Il programma elettorale veltroniano all’insegna di mancate risposte (come da noi denunciate con la ns. Lettera aperta) sui problemi cruciali con soluzioni concrete e chiare e con la volontà di portare in lista ‘falsi specchietti per le allodole’ generali, prefetti, industriali, il tutto condito in ‘salsa ambigua’, è la ragione del fallimento. Senza contare che il signor Veltroni aveva anche promesso la presentazione della squadra di governo prima del voto ma non è mai arrivata, lo stesso per Berlusconi: la differenza è che Veltroni ha perso e il Berlusca ha stravinto con 9 punti in % in entrambe le Camere grazie a tre milioni di voti in più. Ma se la perdita è di pura marca veltroniana, ciò è dovuta anche grazie a tutti quei collaboratori del Walter che lo hanno lasciato percorrere strade ambigue e non chiare, adeguandosi al suo sistema. Senza contare tutto l’entourage intellettualoide e giornalistico che ha girato a favore del Walter e che non è poco. Le componenti del Pd debbono ripensare l’essere partito proprio per dare spazio a metodi di dialogo e pluralismo interno più evoluti e rispettosi, come pure trovare sistemi di selezione della classe dirigente e delle candidature del partito, non in virtù dell’appoggio delle varie consorterie (diessine o popolari), ma per una meritocrazia necessarissima basata su qualità umane e politiche verificabili non per cordate e gruppi di potere, ma per manifestazioni di chiara, severa trasparenza e verificabilità sul campo della vita e non delle ‘scuole’ di partito.

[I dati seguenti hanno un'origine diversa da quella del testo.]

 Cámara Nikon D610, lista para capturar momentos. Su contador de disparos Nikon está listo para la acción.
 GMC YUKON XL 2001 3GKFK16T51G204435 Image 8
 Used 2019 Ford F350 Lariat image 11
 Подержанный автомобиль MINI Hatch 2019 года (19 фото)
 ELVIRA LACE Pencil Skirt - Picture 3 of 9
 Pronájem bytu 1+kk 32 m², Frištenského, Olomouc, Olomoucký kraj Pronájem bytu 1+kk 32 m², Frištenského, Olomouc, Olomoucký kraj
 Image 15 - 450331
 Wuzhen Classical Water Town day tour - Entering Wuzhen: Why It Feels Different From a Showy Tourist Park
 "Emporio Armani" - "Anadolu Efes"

Intanto però sono scomparsi i socialisti e i comunisti. Per chi c’era dentro non abbiamo perso proprio niente, anzi bene: guardateli in faccia questi ex-parlamentari da Bertinotti, a Mussi a Salvi, a De Michelis a Boselli a Giordano a Pecorario Scanio e così via. Sono inaciditi, stizziti e incavolati con il mondo. Ma se la debbono prendere con se stessi che ancora non hanno capito non solo dove sta andando il nostro Paese, ma neppure di cosa sia la crisi internazionale del Socialismo e della fine del Comunismo. Però alcuni di loro sono ancora ancorati alle falci e martello oltre ad una politica riformista fuori tempo e fuori luogo in un società capitalistica che invece richiederebbe nuove prospettive anche tenendo conto di un contesto mondiale molto complesso e problematicizzato.

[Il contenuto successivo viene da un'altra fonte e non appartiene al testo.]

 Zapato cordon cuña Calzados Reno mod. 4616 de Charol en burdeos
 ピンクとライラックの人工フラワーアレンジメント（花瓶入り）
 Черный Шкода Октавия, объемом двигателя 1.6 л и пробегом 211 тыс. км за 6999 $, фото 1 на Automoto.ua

E se con queste elezioni – grazie alla nascita solo sei mesi fa del Pd e grazie anche a Berlusconi per la nascita del Pdl (con la fagocitazione di AN), quattro mesi fa, – si è raggiunto uno sfoltimento dello zoo partitico andando verso il bipartitismo (Terza Repubblica), con il prossimo traguardo dovranno essere le Grandi Riforme da quelle costituzionali alle parlamentari a quelle elettorali (Quarta Repubblica).

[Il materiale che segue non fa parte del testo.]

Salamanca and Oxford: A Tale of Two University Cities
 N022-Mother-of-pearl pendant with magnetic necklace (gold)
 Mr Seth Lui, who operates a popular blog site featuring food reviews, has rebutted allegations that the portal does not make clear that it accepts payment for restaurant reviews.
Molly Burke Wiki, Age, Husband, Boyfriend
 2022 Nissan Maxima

Questa legislatura dà a Berlusconi e al Centro-destra l’opportunità di dimostrare se in queste tre legislature (dal 1994), abbiano maturato una nuova cultura di governo e di soluzione dei problemi italiani all’altezza delle sfide nazionali e della globalizzazione. Berlusconi cercherà di muoversi bene, da statista maturo come ha voluto dimostrare alla sua prima conferenza stampa, perché ha nel cassetto un ultimo sogno da raggiungere: ‘da grande’ vorrà abitare il palazzo del Quirinale e concludere così al top il suo percorso politico.